## PROVIDED DATA
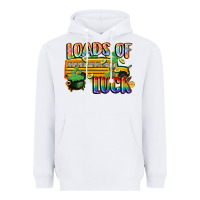 White Loads of luck with school bus St. Patrick's Day Heavyweight Hoodie - FaDigitalArtStudio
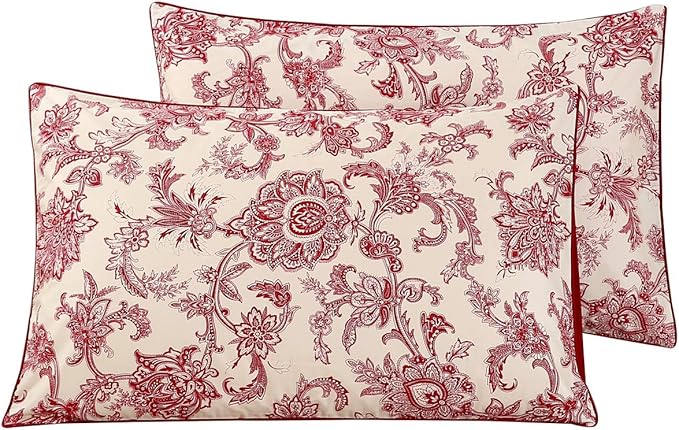 WINLIFE 100% Cotton Pillowcases King Set of 2, Red Boho Paisley Floral King Pillow Cases 2, Soft and Envelope Pillow Case (King Size, 20x36 inches)
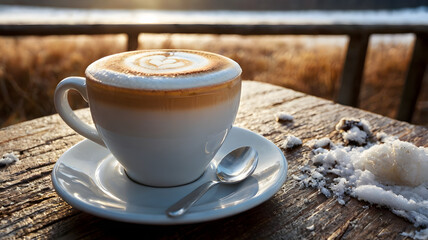 Fototapeta premium cup of cappuccino, ai generated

## WHAT THE TASK REQUIRES
Could you transcribe the material above exactly, keeping every picture out?

## COMPLETED EXERCISE
 White Loads of luck with school bus St. Patrick's Day Heavyweight Hoodie - FaDigitalArtStudio
 WINLIFE 100% Cotton Pillowcases King Set of 2, Red Boho Paisley Floral King Pillow Cases 2, Soft and Envelope Pillow Case (King Size, 20x36 inches)
 Fototapeta premium cup of cappuccino, ai generated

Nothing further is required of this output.